*** Opening of RECORDS SUPPLIED ***

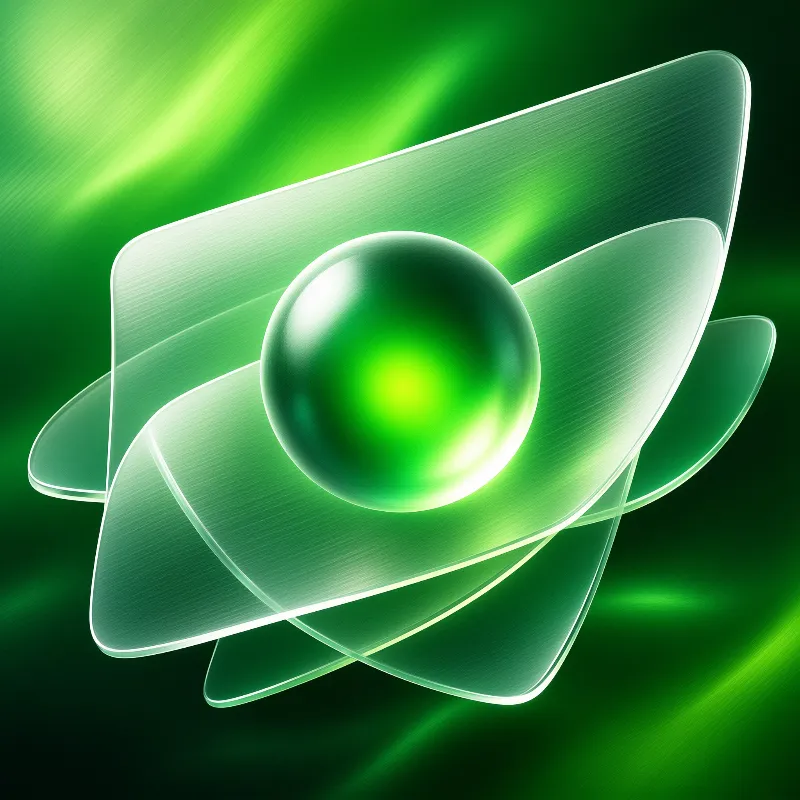 Green Abstract Atom Design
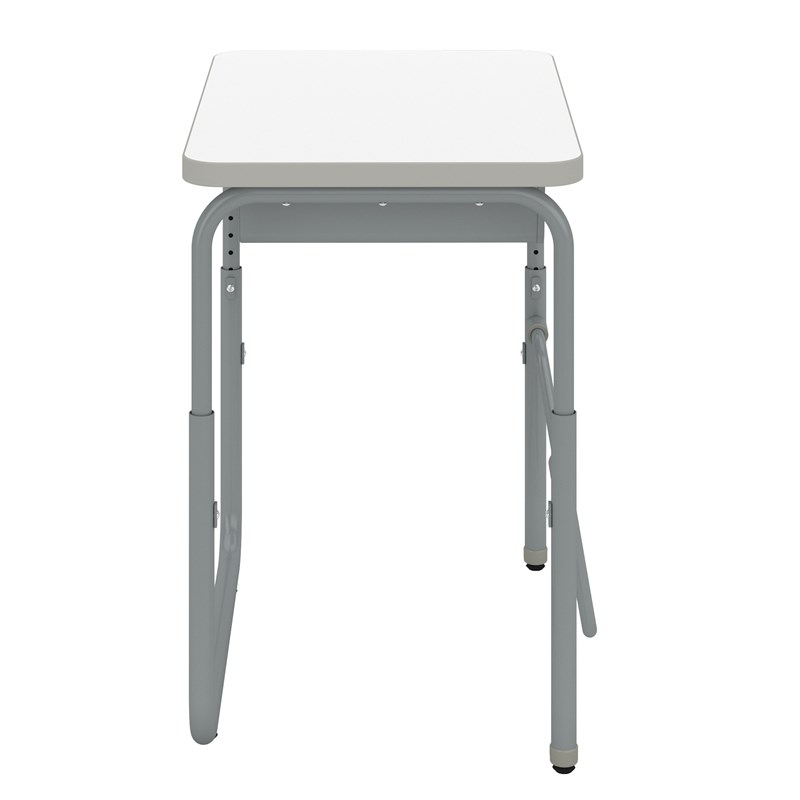 Pemberly Row Height Adjustable Student Desk Pendulum Bar & Book Box in White
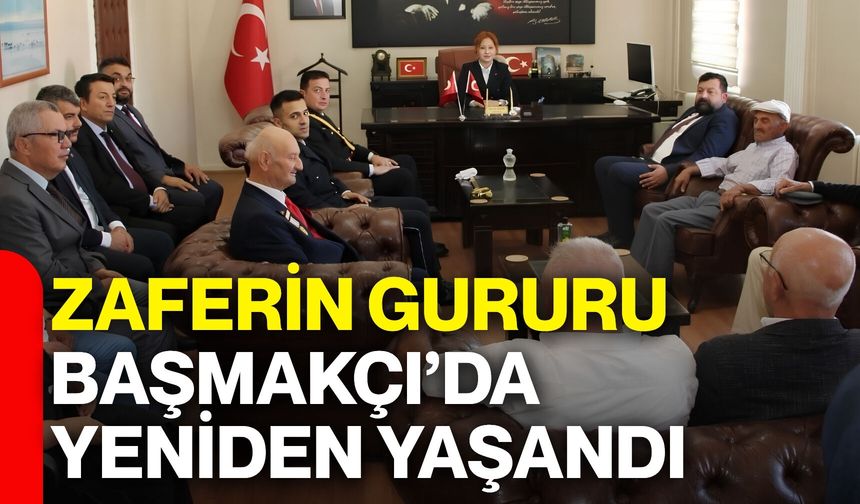 104 yıllık Zaferin gururu Başmakçı’da yeniden yaşandı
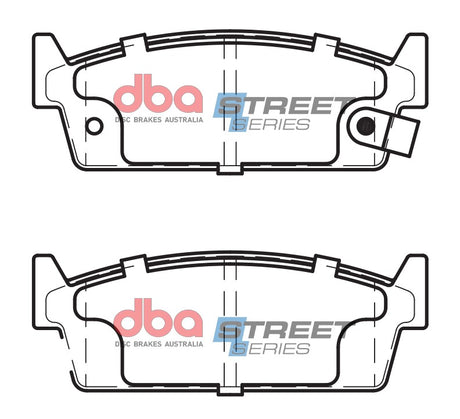 Ss Street Series Brake Pads Nissan 1986-2001 Rear DB1144SS - DBA | Universal Auto Spares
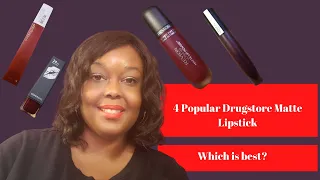 Comparing Top Drugstore All Day Matte Lipsticks. Which Is Best?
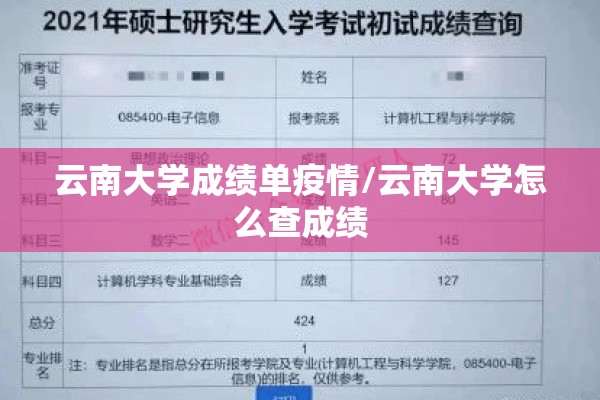 云南大学成绩单疫情/云南大学怎么查成绩 云南大学成绩单疫情/云南大学怎么查成绩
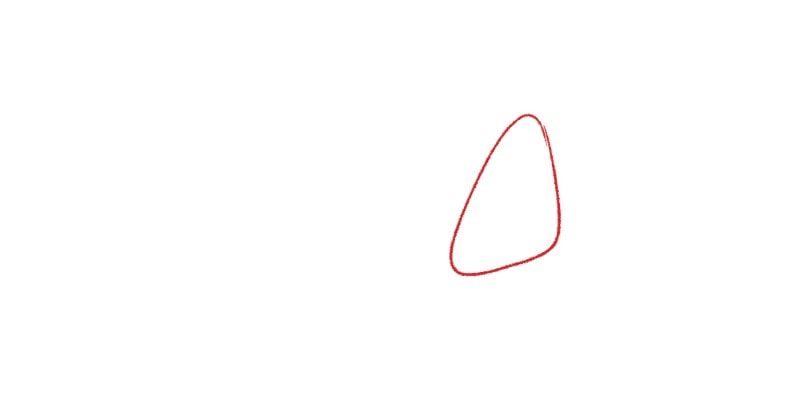 Draw A Rounded Triangle For The Heel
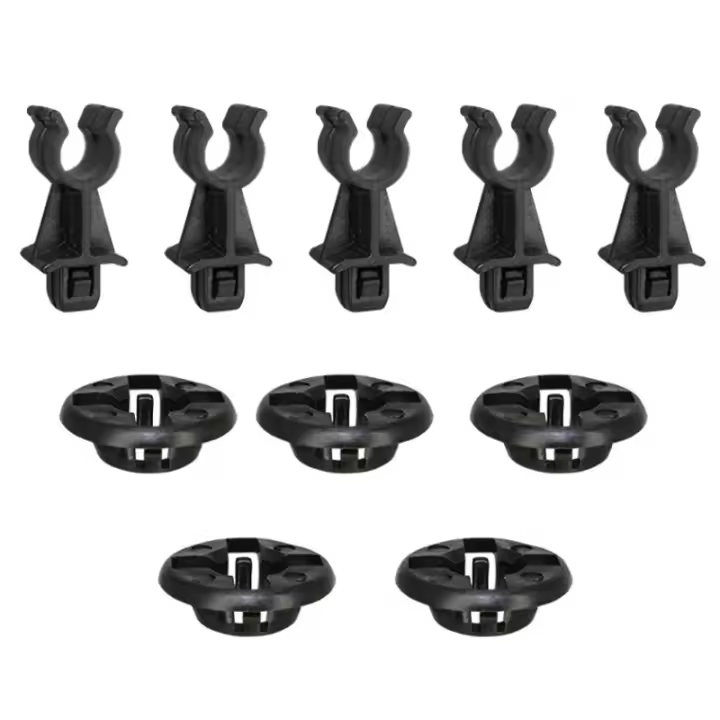 Juego De 2/10 Piezas De Clip De Retención Para Coche Soporte De Parachoques Herramientas De Plástico Accesorios De Automóvil - 1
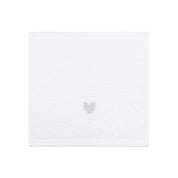 Luxus face towel with embroidered heart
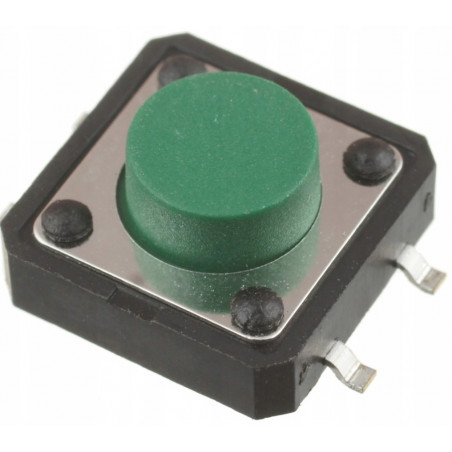 Mikroprzycisk SMD P088 12x12x6 zielony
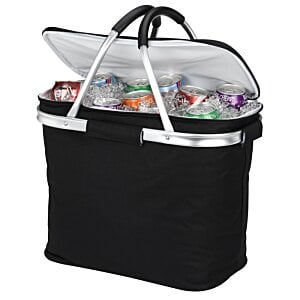 Additional Image 2 - a black cooler with a clear lid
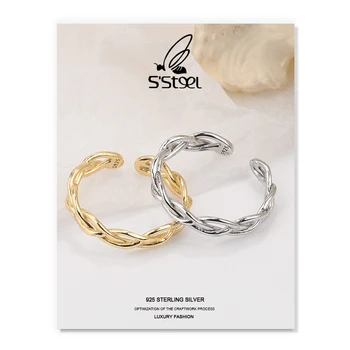 S ' STEEL Verigheta de Argint 925 Pentru Femei Nou 2021 Geometrice Personalizate de Ajustare Inele Bijoux Argent 925 Bijuterii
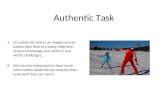 Authentic tasks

*** Close of RECORDS SUPPLIED ***

_WORK ORDER_
Please write out exactly the lines from the one containing "Ss Street Series" through the last line of the records above, and leave out any pictures.

_YOUR RESPONSE_
 Ss Street Series Brake Pads Nissan 1986-2001 Rear DB1144SS - DBA | Universal Auto Spares
 Comparing Top Drugstore All Day Matte Lipsticks. Which Is Best?
 云南大学成绩单疫情/云南大学怎么查成绩 云南大学成绩单疫情/云南大学怎么查成绩
 Draw A Rounded Triangle For The Heel
 Juego De 2/10 Piezas De Clip De Retención Para Coche Soporte De Parachoques Herramientas De Plástico Accesorios De Automóvil - 1
 Luxus face towel with embroidered heart
 Mikroprzycisk SMD P088 12x12x6 zielony
 Additional Image 2 - a black cooler with a clear lid
 S ' STEEL Verigheta de Argint 925 Pentru Femei Nou 2021 Geometrice Personalizate de Ajustare Inele Bijoux Argent 925 Bijuterii
 Authentic tasks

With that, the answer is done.